Exercise objective: Only an exact copy of the records below will serve as the answer.

[Extracted records]
----
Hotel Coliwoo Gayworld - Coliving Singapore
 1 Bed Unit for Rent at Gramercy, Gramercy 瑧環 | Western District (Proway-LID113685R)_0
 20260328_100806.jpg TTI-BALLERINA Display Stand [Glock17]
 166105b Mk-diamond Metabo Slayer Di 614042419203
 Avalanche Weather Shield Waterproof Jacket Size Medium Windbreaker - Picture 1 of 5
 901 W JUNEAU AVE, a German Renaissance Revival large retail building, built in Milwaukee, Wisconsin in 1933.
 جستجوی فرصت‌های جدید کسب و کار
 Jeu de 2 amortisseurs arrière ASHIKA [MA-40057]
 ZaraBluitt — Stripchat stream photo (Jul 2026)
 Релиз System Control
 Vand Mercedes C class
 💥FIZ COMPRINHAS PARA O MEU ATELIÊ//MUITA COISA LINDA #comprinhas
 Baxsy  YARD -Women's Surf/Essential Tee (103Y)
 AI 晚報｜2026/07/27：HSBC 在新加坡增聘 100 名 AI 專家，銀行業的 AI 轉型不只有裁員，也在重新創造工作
----
Finished exercise:
Hotel Coliwoo Gayworld - Coliving Singapore
 1 Bed Unit for Rent at Gramercy, Gramercy 瑧環 | Western District (Proway-LID113685R)_0
 20260328_100806.jpg TTI-BALLERINA Display Stand [Glock17]
 166105b Mk-diamond Metabo Slayer Di 614042419203
 Avalanche Weather Shield Waterproof Jacket Size Medium Windbreaker - Picture 1 of 5
 901 W JUNEAU AVE, a German Renaissance Revival large retail building, built in Milwaukee, Wisconsin in 1933.
 جستجوی فرصت‌های جدید کسب و کار
 Jeu de 2 amortisseurs arrière ASHIKA [MA-40057]
 ZaraBluitt — Stripchat stream photo (Jul 2026)
 Релиз System Control
 Vand Mercedes C class
 💥FIZ COMPRINHAS PARA O MEU ATELIÊ//MUITA COISA LINDA #comprinhas
 Baxsy  YARD -Women's Surf/Essential Tee (103Y)
 AI 晚報｜2026/07/27：HSBC 在新加坡增聘 100 名 AI 專家，銀行業的 AI 轉型不只有裁員，也在重新創造工作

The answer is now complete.